"Der rasche Energiepreisanstieg führt zu steigenden Kosten für die Unternehmen, die diese an ihre Kunden weitergeben", sagte Volkswirt Bert Colijn von der ING Bank. Die Inflation in der Euro-Zone stieg im Mai überraschend stark auf ein Rekordhoch von 8,1 Prozent. Größere Zinsschritte der EZB von einem halben Prozentpunkt schienen nicht mehr unmöglich, sagte Commerzbank-Analystin You-Na Park-Heger. Allerdings sei dies nicht ihr Basis-Szenario.

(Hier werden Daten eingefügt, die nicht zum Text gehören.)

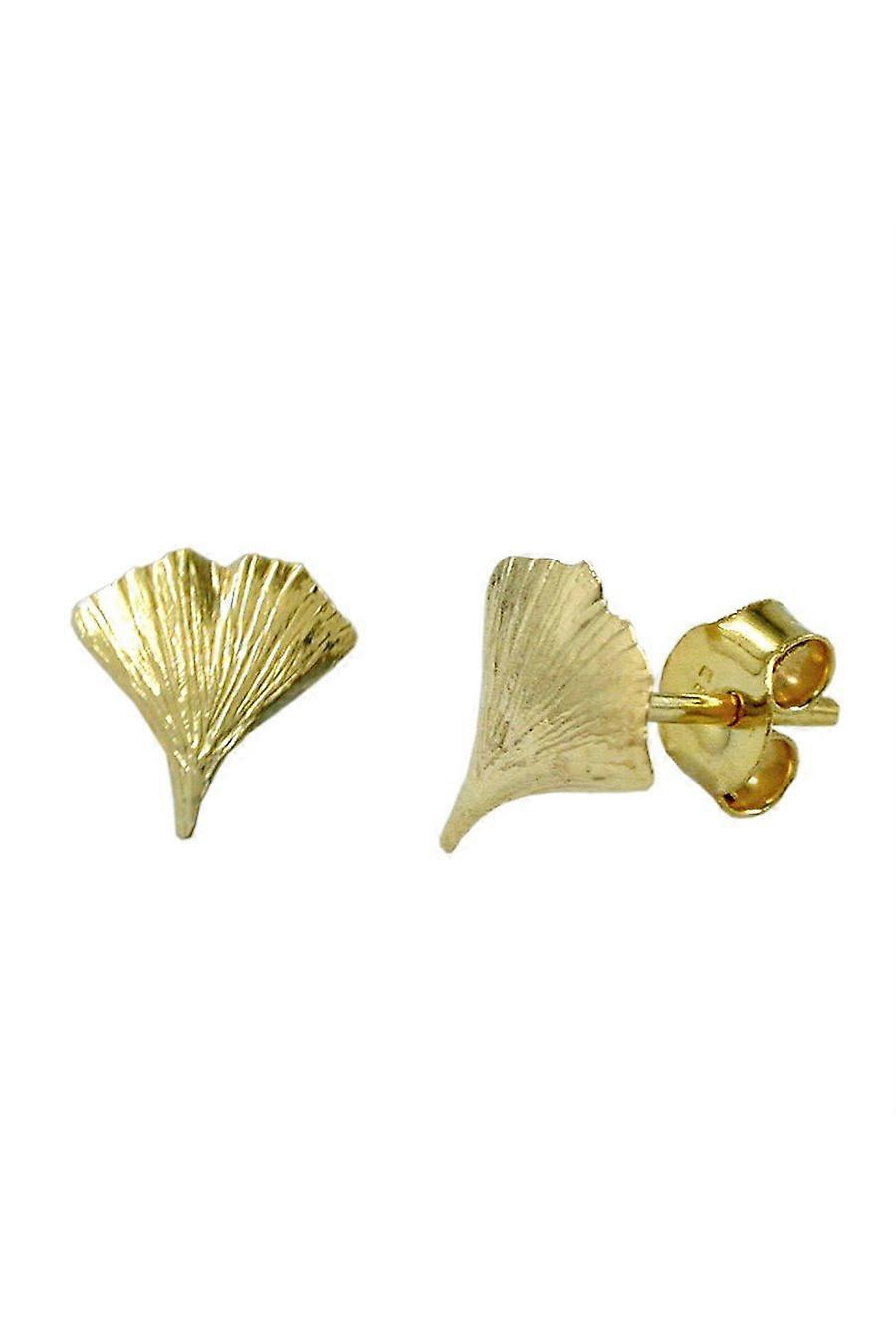 Stud øreringe 9mm Ginkgo Leaf Shiny 9k guld - GL431489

EU VERFÜGT IMPORTSTOPP FÜR GROSSTEIL RUSSISCHEN ÖLS
Börsianer gehen angesichts weiter steigenden Energiepreise nicht davon aus, dass der Teuerungsdruck seinen Höhepunkt bereits erreicht hat. Unter anderem wegen des EU-Embargos für einen Großteil russischer Ölimporte stieg der Preis für die Sorte Brent aus der Nordsee um bis zu zwei Prozent auf ein Drei-Monats-Hoch von 124,10 Dollar je Barrel (159 Liter). "Der Bann wird vor dem Hintergrund der bereits hohen Inflation und der Lieferketten-Probleme die Euro-Zone in eine Rezession stürzen", warnten die Analysten der Rabobank.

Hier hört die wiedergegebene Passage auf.